Organizers say the purpose of the annual event is to celebrate the three founding cultures at the Red Deer Crossing – the First Nations, the Métis and the Europeans.
“It’s very family-friendly,” explained Kathryn Huedepohl, program lead at Waskasoo Environmental Education Society.
“There is an admission charge at the gate – three dollars per person, ten dollars per family of five and fifteen dollars for carloads of six or more, so it’s very reasonable. We will have activities going on all around the site (both days),” she said.
“We’re also having some different booths out to showcase historical and cultural events from the local area.”
Events run from noon to 5 p.m. both days.
“We’ll also be having a photo booth, a kids’ corner and archery. There will be performances and vendors coming out as well,” added Ainsley McLaren, a living history interpreter at Fort Normandeau.
Fort Normandeau Days brings an entire weekend of historical fun, which staff and volunteers at the site have hosted for decades.
Other highlights include 1885-era military re-enactments, period foods and children’s games.
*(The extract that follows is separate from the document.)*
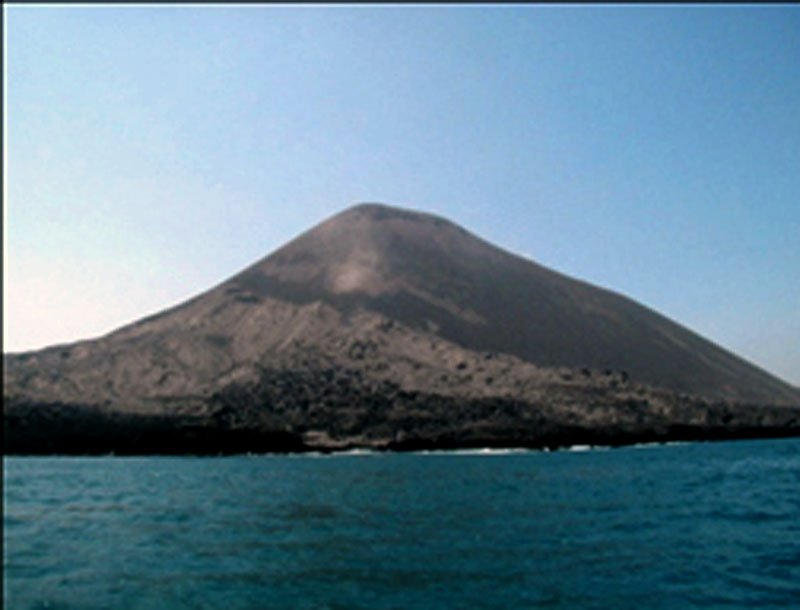 Gunung Anak Krakatau/Setkab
Several community sponsors have also come onboard to help make the community event even better.
Fort Normandeau is rich in historical significance. Before the railway connected Edmonton and Calgary in 1893, the Red Deer River Crossing, located just down the river, was the gateway between northern and southern Alberta. The crossing is a relatively shallow area used by myriads of travelers along the well-worn routes which were actually utilized for hundreds of years.
“What I think is neat about Fort Normandeau is that basically it’s where Red Deer got its start,” said Huedepohl.
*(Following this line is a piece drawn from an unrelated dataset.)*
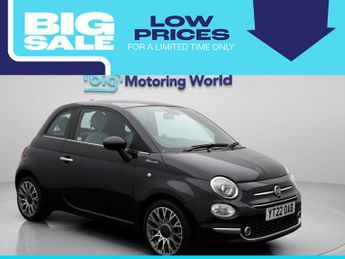 Fiat 500 DOLCEVITA PLUS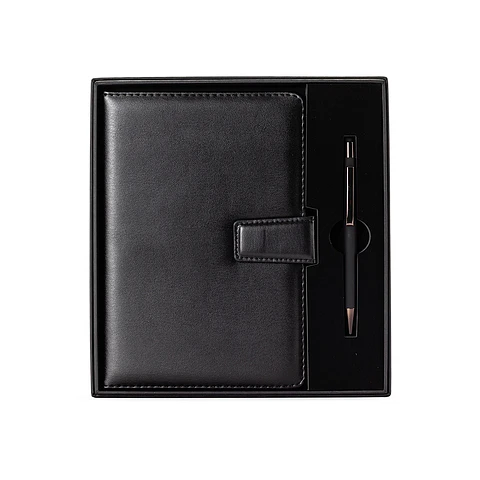 Kit Arven | Caderneta e Caneta Personalizadas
“I really like how way back when, it was three different cultures and lifestyles coming together, but they all peacefully co-existed which was amazing for the time period when you think about it,” she said.
“Especially when assorted things started happening out east that filtered out here a bit, this area still remained very peaceful and I think that’s quite remarkable.”
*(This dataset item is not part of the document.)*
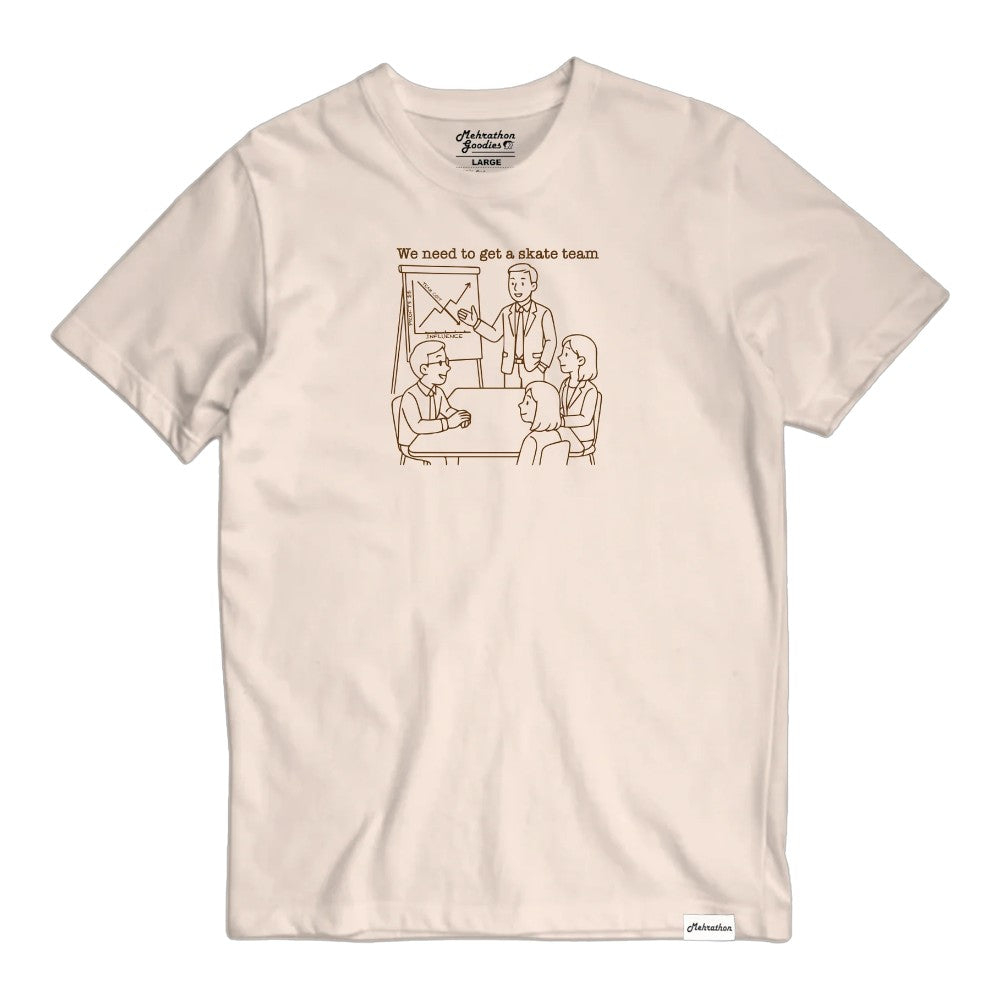 Mehrathon Corporate Bandwagon T-shirt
In 1884 Robert McClellan built a stopping house at the crossing to take advantage of the traffic on the Calgary & Edmonton Trail, according to the Waskasoo Park web site.
The next year, with the settlers afraid of violence during the Riel Rebellion, his hotel was fortified by the 65th Mount Royal Rifles under the command of Lt. J.E.Bedard Normandeau.
“I love the history of it, and I like how it sort of ties me to where I was born, to the history of the place,” said McLaren.
“I also like little snippets of the history that remind me that the people then are just like people now except for having different contexts and perspectives. But I like some of the little things that show that these were real people who existed and they were similar to me.
“It also gives me a new perspective on the City I grew up in, especially when I pass by the (Ghost series) statue of Reverend Leonard Gaetz downtown. He was one of the first people out here, and was so influential in how Red Deer came together,” she said. “It’s really cool to learn all of that, and to relay that to the people that come out here.”
To get to Fort Normandeau, head west on 32nd St. and continue past Red Deer College over the bridge that travels over the QE II Hwy.
Turn right on Rge. Rd. 280 (on the left is the Red Deer County Office and CrossRoads Church) and continue a few kilometres to the park.